How much time does the average American spend in school?  A year in kindergarten, eight years of elementary school, and four years of high school are pretty typical.  If, after graduating high school, this American continues on to college, he or she usually spends four to six years in college.  (Unless you’re Van Wilder.)  All of that adds up to at least 17 years in school.  If you’re going to spend that much time focusing on education, you might as well make the best of it.  High school if for surviving.  College is for living.


I’m not going to tell you that you have to enjoy college.  Not everyone does; that’s simply a fact of life.  If you’re just surviving college, though, maybe it’s time to rethink your methods.  Maybe you’re not the best student, and you’re getting discouraged and frustrated.  Maybe you’re a fantastic student, but you still constantly find yourself pulling all-nighters because you procrastinated until the night before the deadline.  I want to pull together ideas to help students from all sides of the gradebook.

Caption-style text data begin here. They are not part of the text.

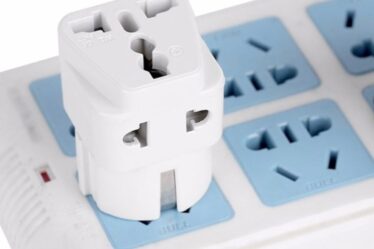 Ổ cắm chuyển đổi nào phù hợp với khách du lịch Việt?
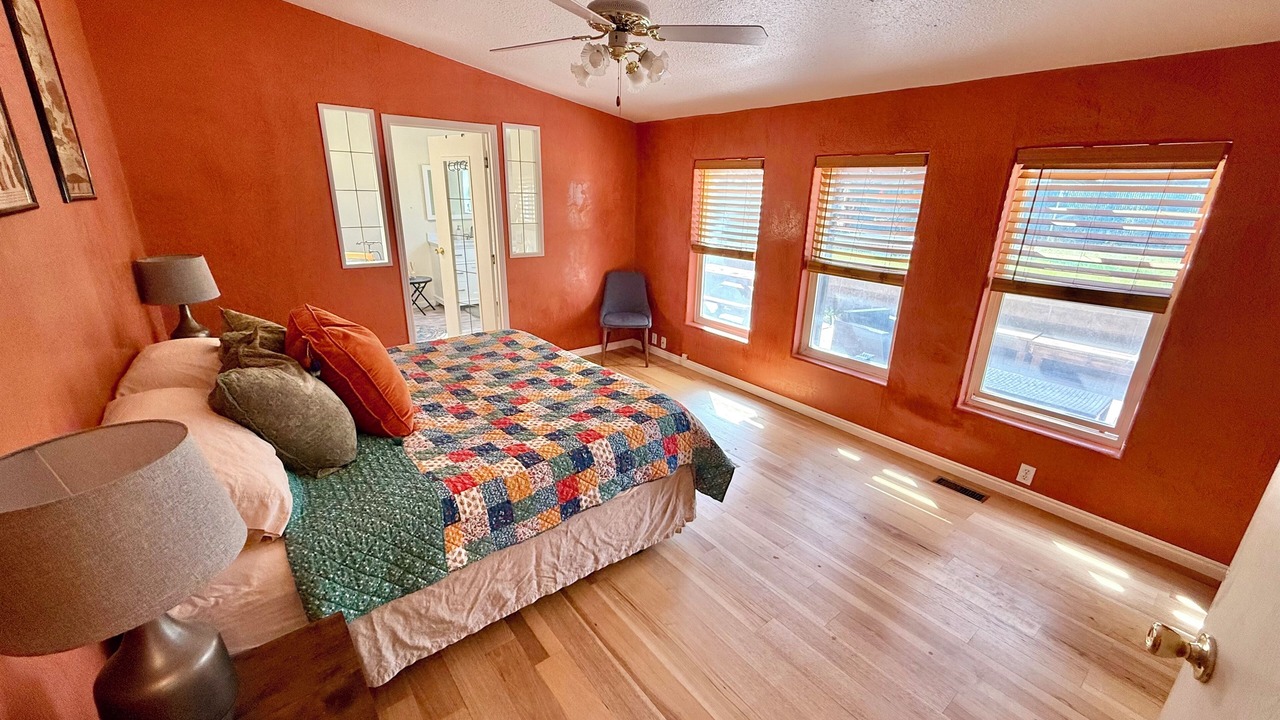 Photo of Bedroom in La Verkin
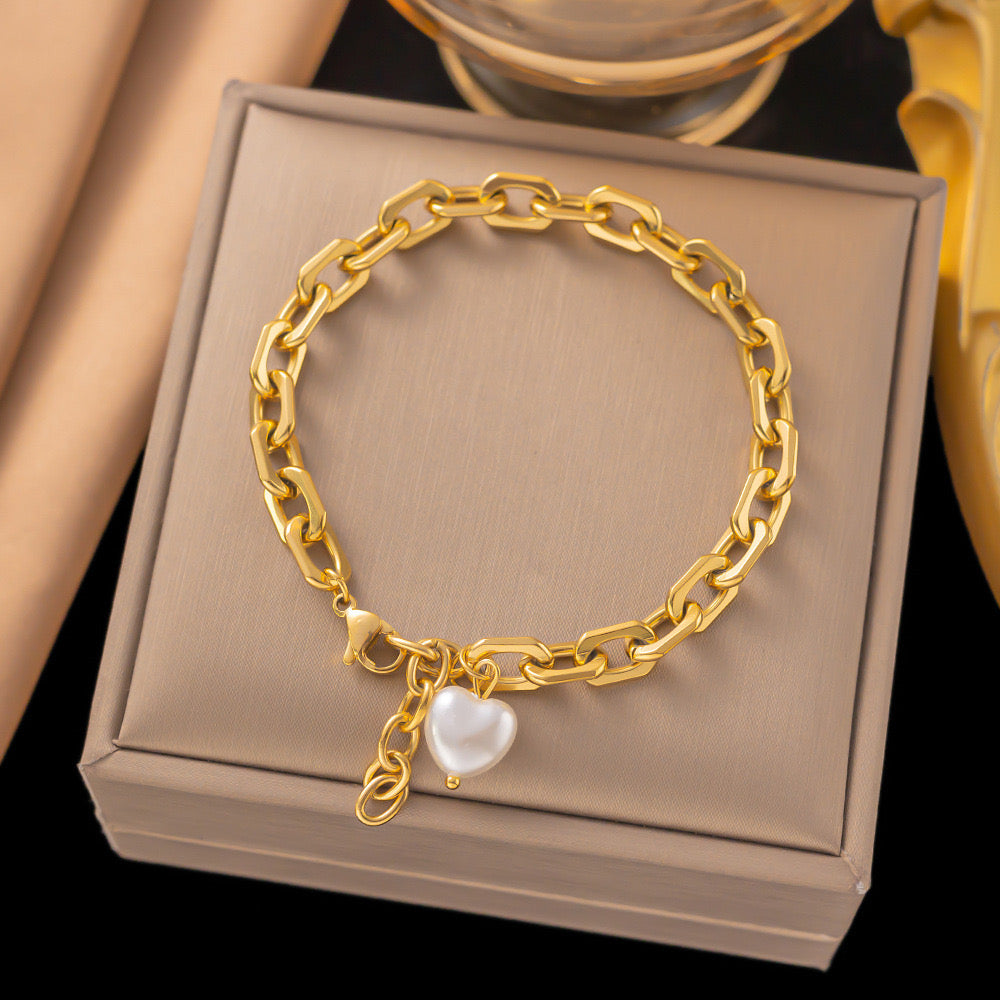 Pulsera white heart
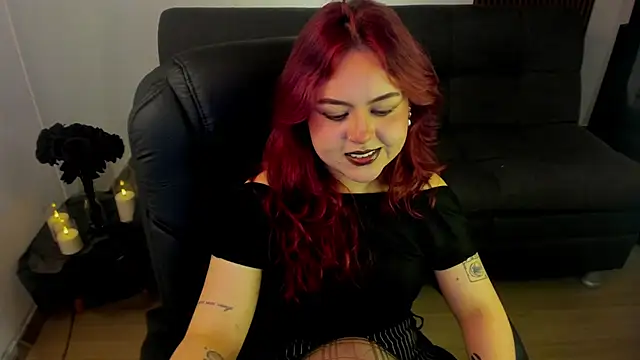 crimson tati  online show from 10-11-25, 03:39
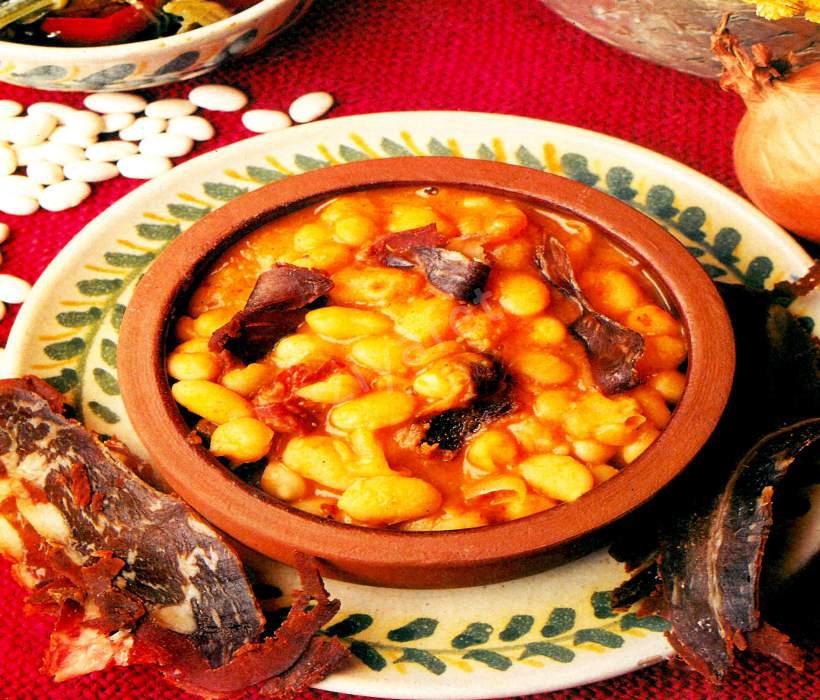 Güveçte Pastırmalı Kuru Fasulye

First things first, though.  The University of Arizona, where I am a student, just started Spring Break.  That means that I have a whole week ahead of me to relax and not worry about anything.  If you’re on Spring Break too, get out there and do something fun.  It’ll help your stress levels and clear your head.  If you’re not on Spring Break, I’m sorry.  Feel free to rub my nose in it when you are and I’m not.  However, even if it’s not time for you to have a whole week off, it’s still Friday night.  Go have fun.  Smile, laugh, enjoy yourself.  It’ll help.